El jazmín, blanco o amarillo, de aroma dulce y delicado, desde muy joven me hizo soñar con llamar así a mi hija, si acaso tenía una. No pretendo describir a Jazmín, a quien, como todo padre, me imagino, emparento con el significado de esa palabra en árabe: “aquella que es bella como la flor que lleva su nombre”. Hoy, proyectando en ella a todas las quinceañeras del mundo, solo quiero que reciba de mis manos su primer ramo de las flores más hermosas que un hombre puede encontrar para una mujer.

Yo sé que llegarán más y que no todas serán regaladas por mí. Que algún día sentirás ese amor que te deja sin aire y, entonces, creerás que tu corazón revolucionado va a explotar en mil pedazos; sentirás y te hará feliz ese amor de pétalos perfumados y de románticos peluches que será para vos igual de grande que el mío, pero extrañamente distinto. Para ese amor ilusionado de toda niña-mujer también yo me voy preparando, como queriendo entender y aprender que habrá otros —ojalá— que te querrán así, tanto y tan bien.

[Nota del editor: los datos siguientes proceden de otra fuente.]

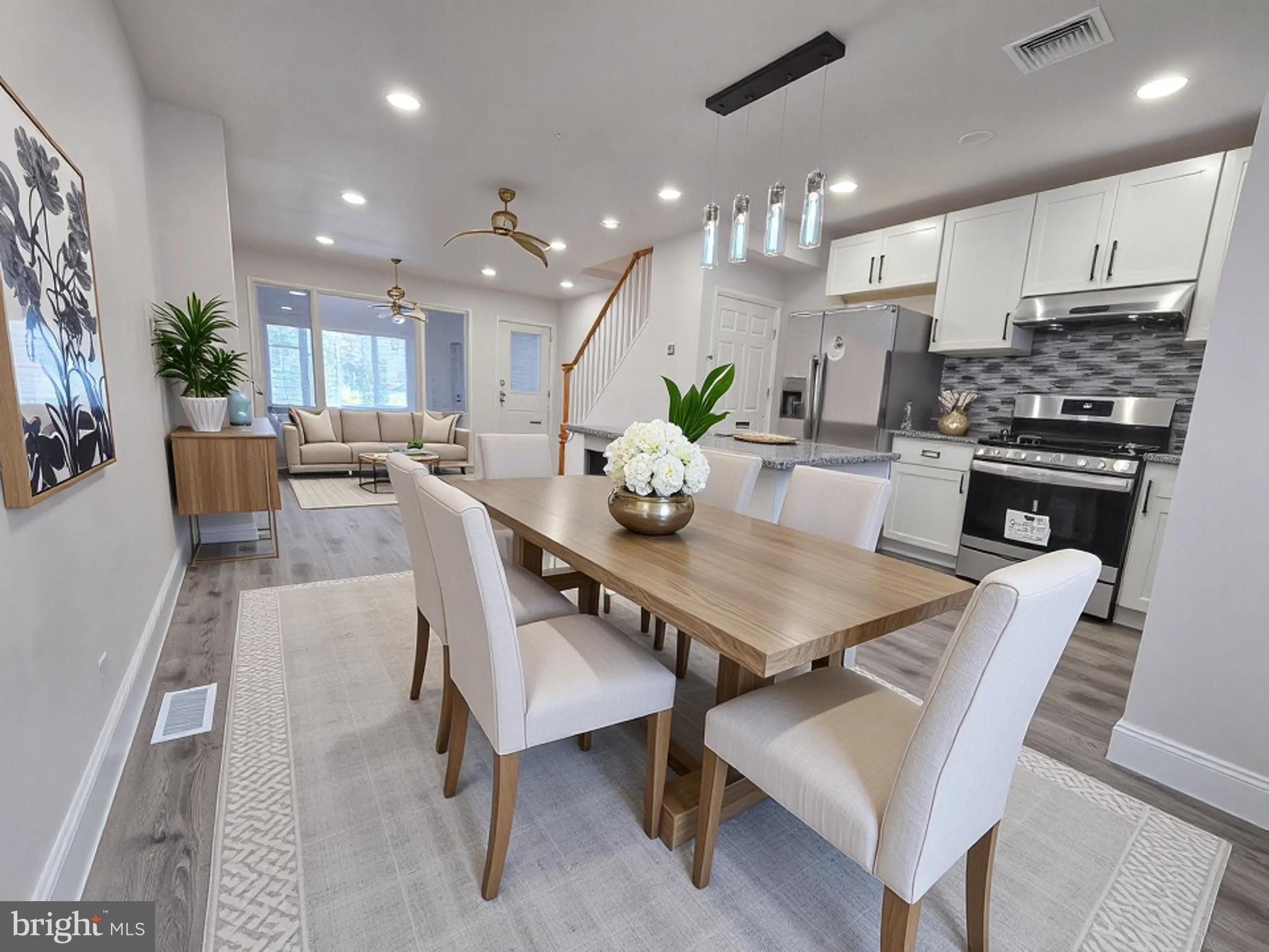 ELMWOOD PARK - Residential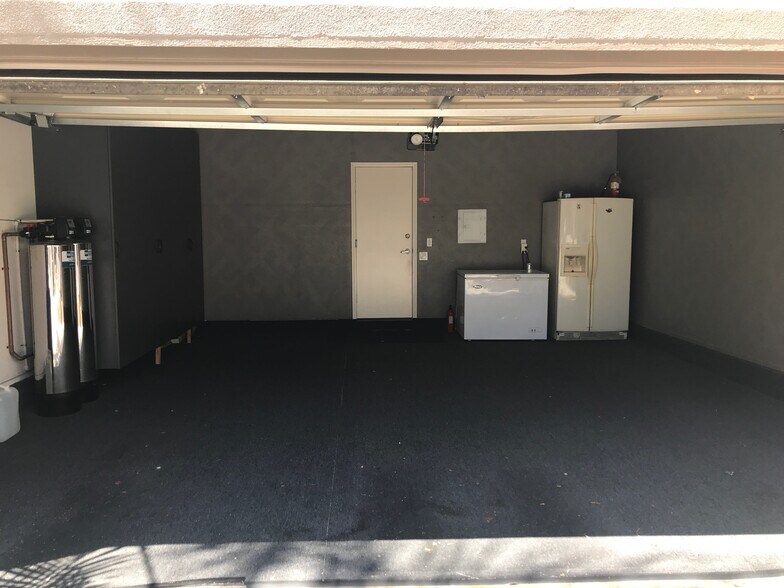 2 Car Garage - 2681 Pala Mesa Ct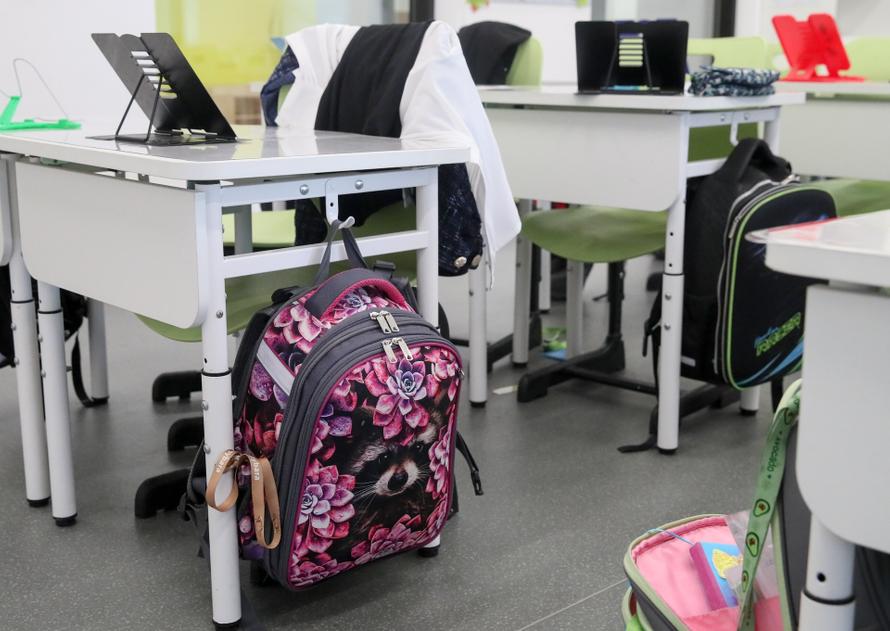 Патриотические песни заменят звонки в российских школах. Какие треки будут включать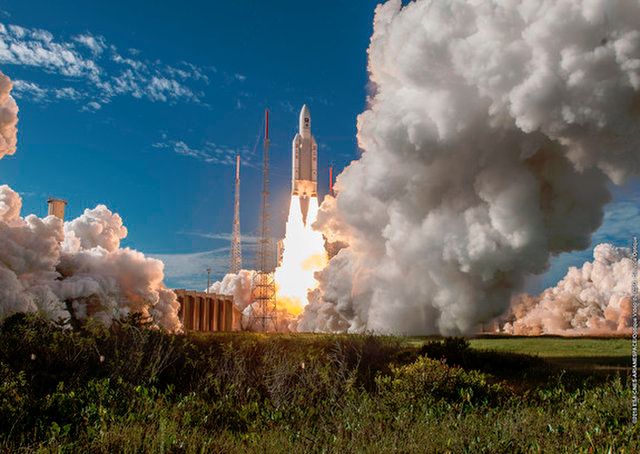 ARIANE 5 ROCKET LAUNCHES 4 NAVIGATION SATELLITES FOR EUROPE
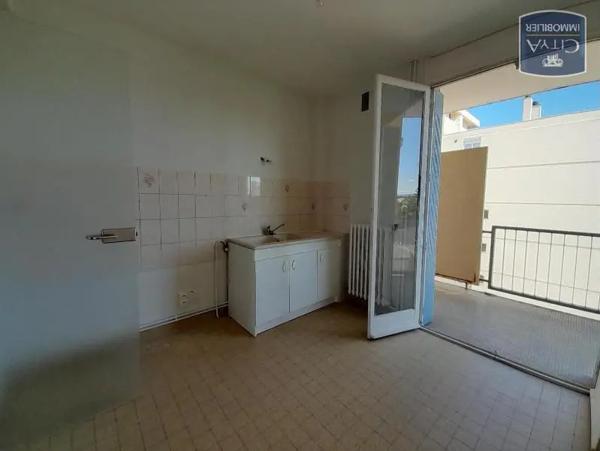 Appartement à louer 4 pièces 69.71m² Bourg-en-Bresse (01000)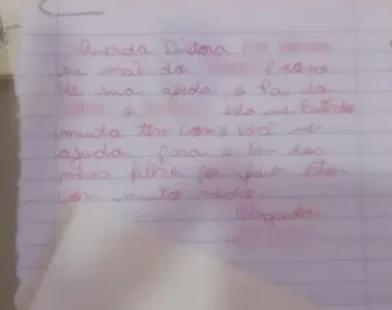 Mãe é resgatada após enviar bilhete pedindo socorro na mochila do filho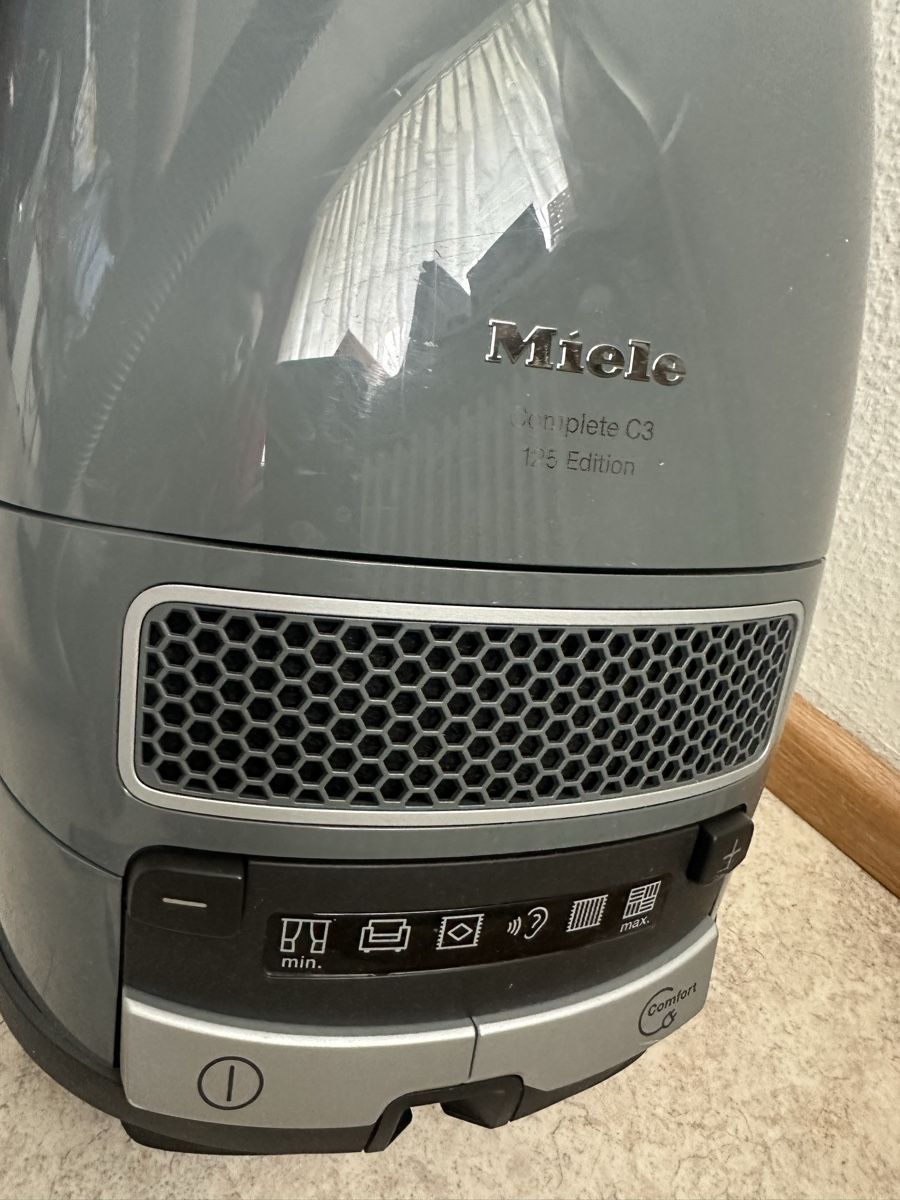 Miele Aspirapolveri & Accessori: Miele  C3  Staubsauger, TOP Zustand – Usato da Pratteln venduto da milisandra 1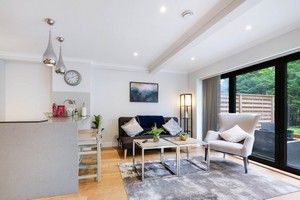 1 bed Apartment for rent in Brentford. From Round Box Estates Ltd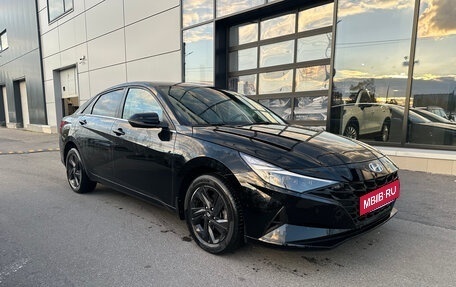 Hyundai Elantra, 2021 год, 1 749 000 рублей, 3 фотография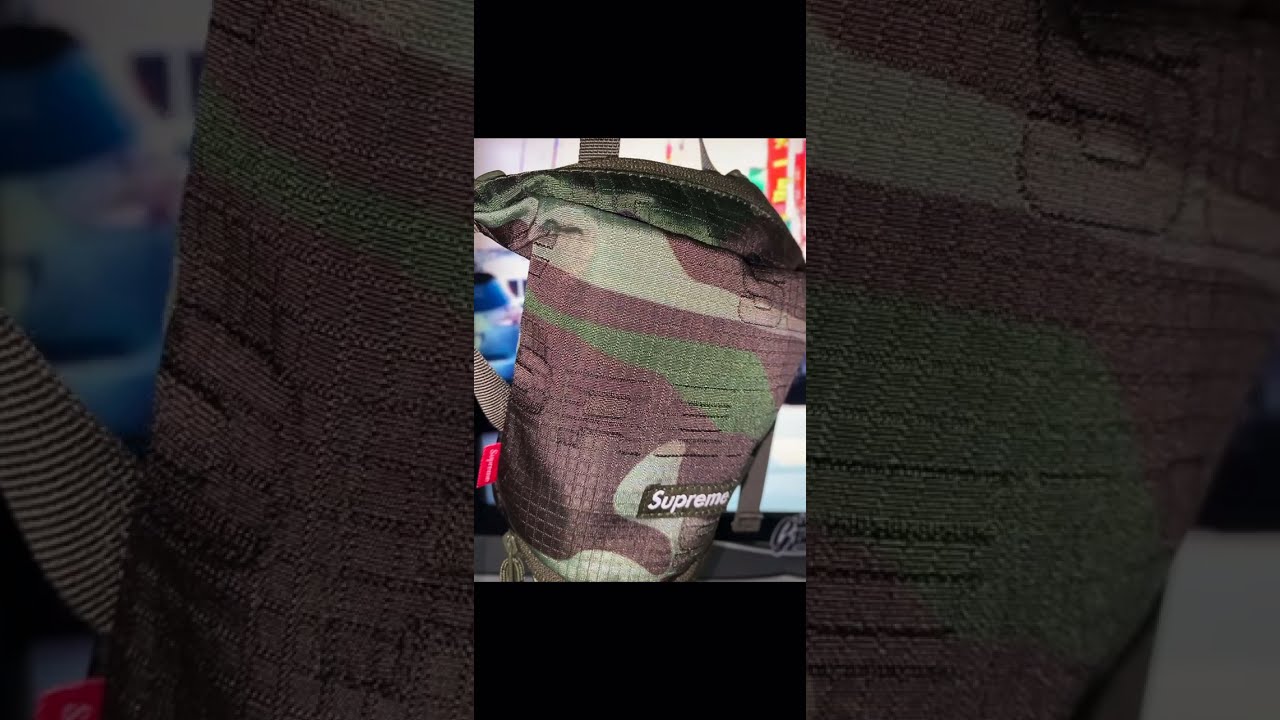 Supreme CAMO neck pouch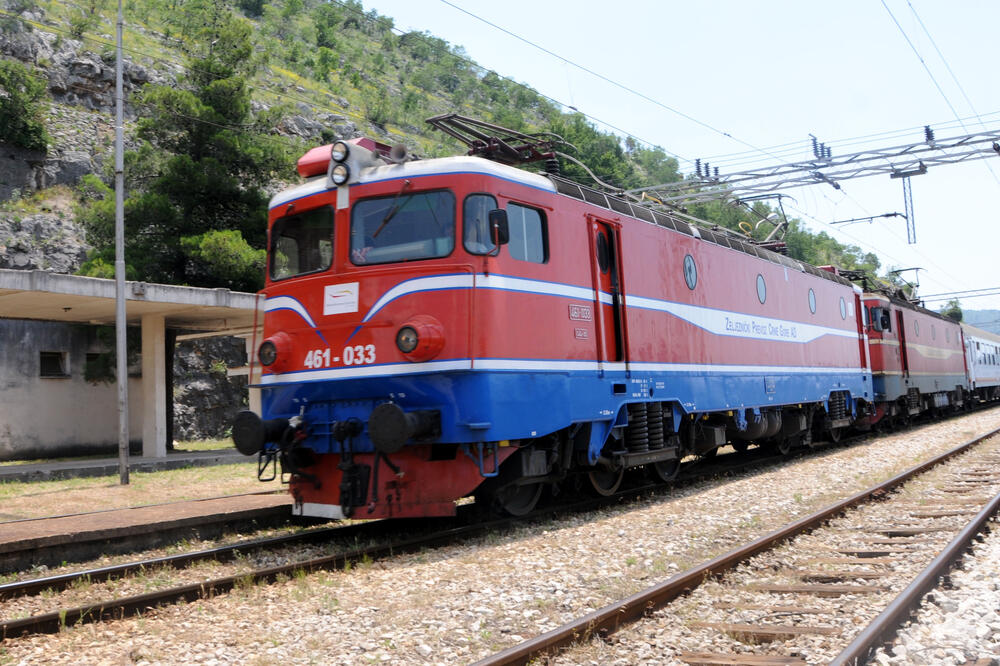 Željeznica, voz, Foto: Boris Pejović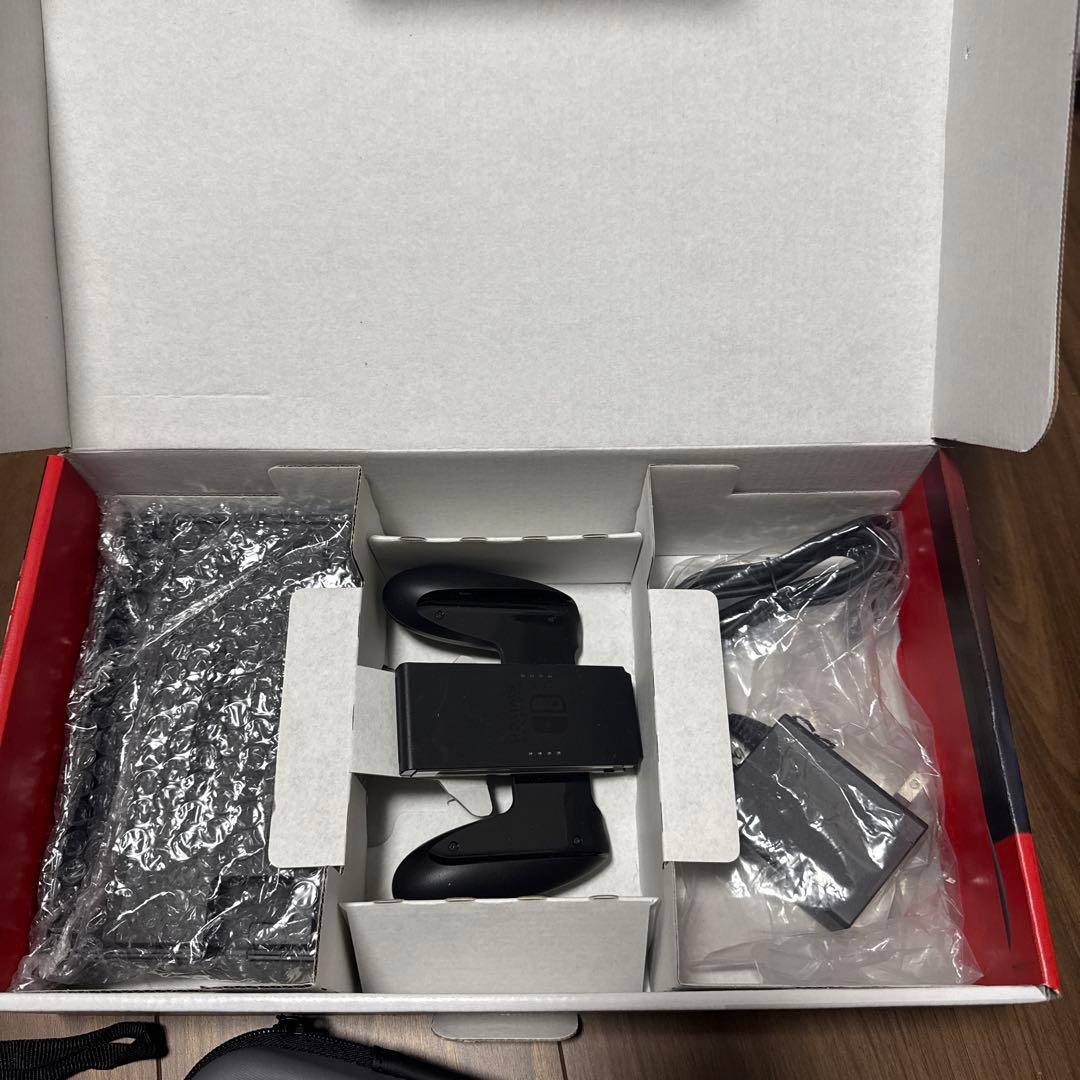 Nintendo Switch 赤/青 本体 スクリーンプロテクター付き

Quizá estas palabras no sean más que un pretexto para convencerme de que has crecido y pronto —en los tiempos de la vida— emprenderás tu propio camino.

Como hijo, no tengo en la memoria un recuerdo más triste que el de mi padre comunicándome por teléfono, y a mil quinientos kilómetros de un abrazo, el fallecimiento de su madre, mi abuela Olimpia. Nunca, en casi 40 años, lo había “visto” quebrarse de esa manera, con un dolor que sentí que le atravesaba el pecho y que diez años después, al tocarme a mí despedirlo a él, entendí que eso es algo que ocurre únicamente cuando se despide a una mamá, a un papá, a un hermano. No quisiera, Jaz, provocarte ninguna pena, que te conmuevas como me conmoví yo aquel día en que llegué a recoger los trocitos del corazón roto de mi viejo por la partida de tu bisabuela. Haría lo que fuera por evitar que veas llorar a tu papá, ni siquiera de felicidad.

Además, seamos sinceros, te daría vergüenza que tus amigos se enteraran de que ando llorando por los rincones de pura emoción; vos misma me sentenciarías como lo haces con el humor despiadado, pero jamás desprovisto de amor, de los chicos de hoy en día: “¡ya estás viejo, papá!”.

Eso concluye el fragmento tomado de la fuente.